Dieci posti letto destinati alla riabilitazione sarebbero stati cancellati dall’ospedale di Soverato e trasferiti alla struttura sanitaria di Lamezia Terme. A denunciarlo è il consigliere regionale e capogruppo del Partito democratico Ernesto Alecci, che ha presentato un’interrogazione in Consiglio regionale per chiedere chiarimenti sulla decisione.
Alecci riferisce di essersi recato personalmente presso il presidio ospedaliero della cittadina ionica per verificare la situazione e di aver accertato che i posti letto destinati alla riabilitazione risultano effettivamente eliminati. Secondo il capogruppo Pd, il trasferimento rappresenterebbe un ulteriore indebolimento della struttura sanitaria, che serve un ampio bacino territoriale del basso ionio catanzarese e delle aree interne.
Disagi per pazienti e famiglie dopo gli interventi chirurgici
Il consigliere regionale sottolinea come, nonostante la qualità del personale medico e sanitario e il numero significativo di interventi effettuati nel presidio di Soverato, i pazienti che necessitano di riabilitazione sarebbero ora costretti a spostarsi verso Lamezia Terme.
Tra gli esempi citati vi sono i casi di interventi di protesi all’anca, per i quali i pazienti, dopo l’operazione, dovrebbero affrontare un trasferimento verso un’altra struttura per completare il percorso di riabilitazione. Una situazione che, secondo Alecci, comporta disagi rilevanti non solo per i malati ma anche per le loro famiglie.

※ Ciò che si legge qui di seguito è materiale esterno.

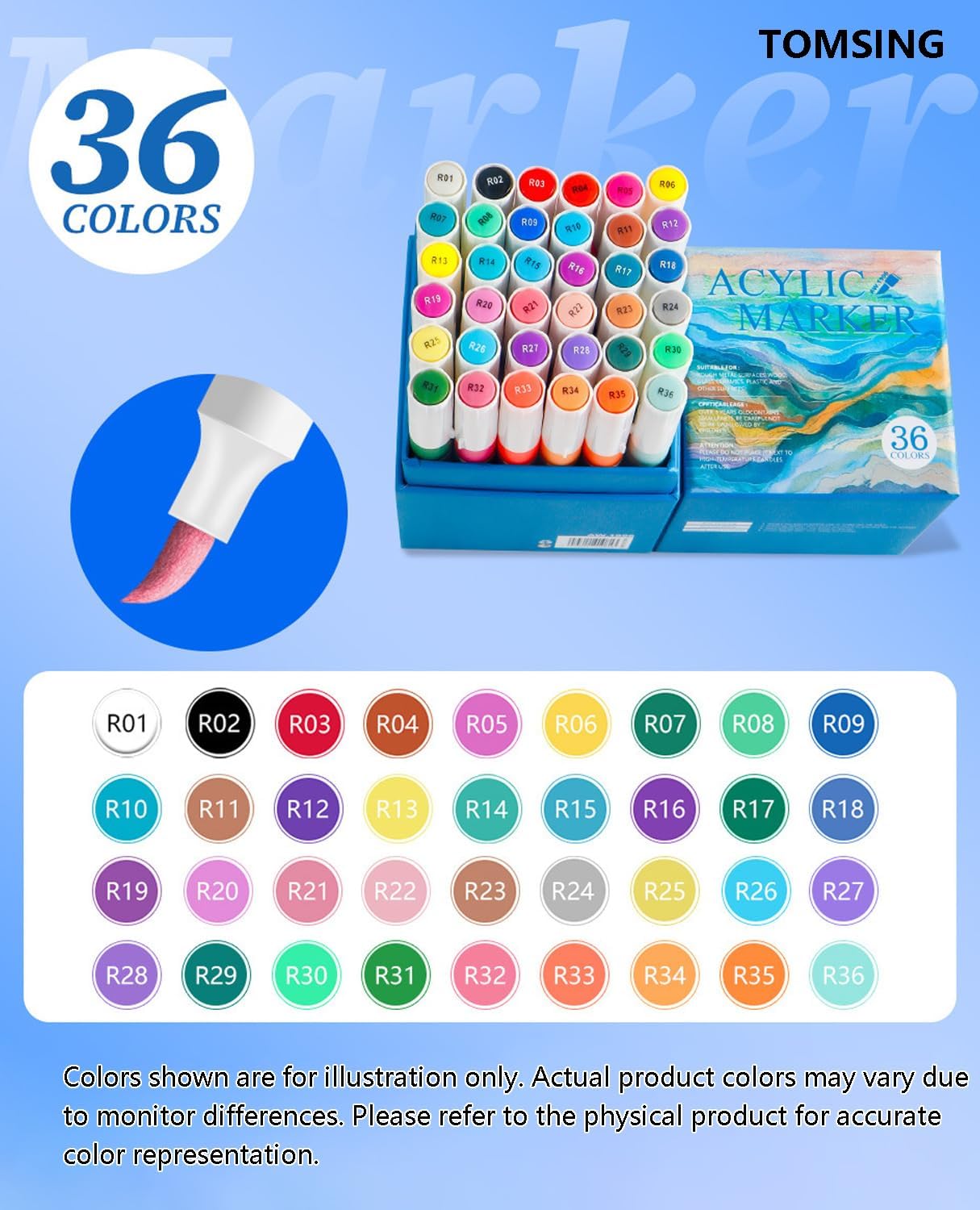 36 Colors Brush Markers Pens,Water-based Ink and Quick-Drying,Painting Supplies Perfect for Plastic Sheets Fabric Bags Ceramics Stone Pottery Wood and Handmade Crafts（36 Colors）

Interrogazione in Consiglio regionale per il ripristino dei posti letto
Per questo motivo il capogruppo del Pd ha annunciato di aver presentato una interrogazione in Consiglio regionale con l’obiettivo di conoscere le motivazioni dello spostamento dei posti letto e chiedere il ripristino del servizio presso l’ospedale di Soverato.
Alecci definisce la questione non soltanto sanitaria ma anche umana e sociale, sostenendo che le scelte organizzative della sanità dovrebbero tenere conto delle esigenze concrete dei pazienti e della vicinanza ai territori. L’auspicio espresso dal consigliere regionale è che la mobilitazione istituzionale e politica possa portare alla riassegnazione dei posti letto alla struttura ospedaliera di Soverato, considerata fondamentale per le comunità del territorio.